BIRMINGHAM, Alabama (AP) – With its dozen intensive care beds already full, Cullman Regional Medical Center began desperately looking for options as more patients with COVID-19 appeared.
Ten beds normally used for less severe cases were transformed into intensive care rooms, with additional intravenous machines. Video monitors were set up to allow staff to monitor patients whenever a nurse had to flee to care for another person.
The patch did the job, for now, at least.
“We’re kind of a bathtub that fills with water and the drain is blocked,” the hospital’s chief medical officer, Dr. William Smith, said last week.
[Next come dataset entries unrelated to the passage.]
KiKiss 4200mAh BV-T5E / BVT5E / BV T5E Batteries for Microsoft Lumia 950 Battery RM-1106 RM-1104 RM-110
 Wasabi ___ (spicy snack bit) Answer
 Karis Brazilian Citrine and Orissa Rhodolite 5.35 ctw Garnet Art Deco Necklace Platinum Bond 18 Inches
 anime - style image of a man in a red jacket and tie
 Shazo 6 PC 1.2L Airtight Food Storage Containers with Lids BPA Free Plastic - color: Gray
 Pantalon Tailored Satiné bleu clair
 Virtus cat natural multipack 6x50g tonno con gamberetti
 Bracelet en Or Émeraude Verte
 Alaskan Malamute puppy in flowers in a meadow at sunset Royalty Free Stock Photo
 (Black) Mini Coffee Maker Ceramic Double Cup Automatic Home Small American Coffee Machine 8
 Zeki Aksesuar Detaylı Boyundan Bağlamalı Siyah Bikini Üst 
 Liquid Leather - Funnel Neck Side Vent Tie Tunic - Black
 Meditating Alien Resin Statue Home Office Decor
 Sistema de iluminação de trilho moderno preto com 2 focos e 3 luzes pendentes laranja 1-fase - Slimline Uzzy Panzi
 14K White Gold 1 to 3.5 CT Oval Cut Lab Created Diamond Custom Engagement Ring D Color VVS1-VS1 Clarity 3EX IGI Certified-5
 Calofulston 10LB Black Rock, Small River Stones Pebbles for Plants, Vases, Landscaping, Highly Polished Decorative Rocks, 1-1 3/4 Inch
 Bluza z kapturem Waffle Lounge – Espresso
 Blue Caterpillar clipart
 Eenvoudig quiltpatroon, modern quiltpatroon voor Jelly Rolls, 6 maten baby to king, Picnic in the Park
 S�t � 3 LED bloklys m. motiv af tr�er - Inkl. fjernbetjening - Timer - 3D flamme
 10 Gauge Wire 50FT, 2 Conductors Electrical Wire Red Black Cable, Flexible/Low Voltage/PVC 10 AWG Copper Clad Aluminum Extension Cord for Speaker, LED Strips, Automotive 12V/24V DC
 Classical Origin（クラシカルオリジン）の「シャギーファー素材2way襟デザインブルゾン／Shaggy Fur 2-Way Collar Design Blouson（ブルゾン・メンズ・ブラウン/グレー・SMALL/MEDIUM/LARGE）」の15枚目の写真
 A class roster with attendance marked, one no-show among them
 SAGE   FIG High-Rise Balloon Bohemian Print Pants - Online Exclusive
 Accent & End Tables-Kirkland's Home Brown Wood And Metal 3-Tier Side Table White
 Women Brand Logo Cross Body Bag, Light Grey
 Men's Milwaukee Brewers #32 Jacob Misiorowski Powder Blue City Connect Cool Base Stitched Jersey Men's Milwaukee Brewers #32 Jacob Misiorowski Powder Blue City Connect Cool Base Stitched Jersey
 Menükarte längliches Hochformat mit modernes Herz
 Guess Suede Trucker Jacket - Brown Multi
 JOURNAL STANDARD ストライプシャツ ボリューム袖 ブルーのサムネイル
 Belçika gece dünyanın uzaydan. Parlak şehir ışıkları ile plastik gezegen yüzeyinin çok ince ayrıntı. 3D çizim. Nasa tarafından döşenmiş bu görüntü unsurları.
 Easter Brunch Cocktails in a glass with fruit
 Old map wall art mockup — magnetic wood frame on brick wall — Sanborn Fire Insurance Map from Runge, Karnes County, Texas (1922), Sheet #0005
Alabama, one of the worst and impoverished states in America, has become one of the most alarming points of the nation’s coronavirus.
Their hospitals are in crisis as the virus gets out of control in a region with high rates of obesity, high blood pressure and other conditions that can make COVID-19 even more dangerous, where access to health care was limited. even before the outbreak, and where public resistance to masks and other precautions is stubborn.
The virus has killed more than 335,000 people across the U.S., including more than 4,700 in Alabama. Places like California and Tennessee have also been particularly affected in recent weeks.
At Cullman Regional, a medium-sized hospital serving an agricultural area 55 miles north of Birmingham, last week’s intensive care unit had 180% capacity, the highest in the state. Other hospitals are also struggling to keep up with falling in love with people sick with the virus.
Although a typical patient may need ICU treatment for two to three days, Smith said patients with COVID-19 often stay two to three weeks, which causes the load of cases to build up.
Alabama ranks sixth on the list of states with the most new cases per capita over the past week, according to Johns Hopkins University. Alabama’s latest average positivity rate (the percentage of tests that turn positive for the virus) is nearly 40%, one of the highest figures in the country. And the state sees an average of 46 deaths a day, compared to 30 on Dec. 14
Although ICUs nationwide had a capacity of 78% during the week of Dec. 18-24, those in Alabama were 91% full, according to the U.S. Department of Human Services and Health. Last week, 15 Alabama hospitals had intensive care units that had a higher or higher capacity and the ICUs of six more hospitals were at least 96% full.
On Monday, there were 2,800 people in Alabama hospitals with COVID-19, the highest total since the pandemic began.
Experts worry that stress will only increase after the holidays due to new infections related to travel and reunions of family and friends.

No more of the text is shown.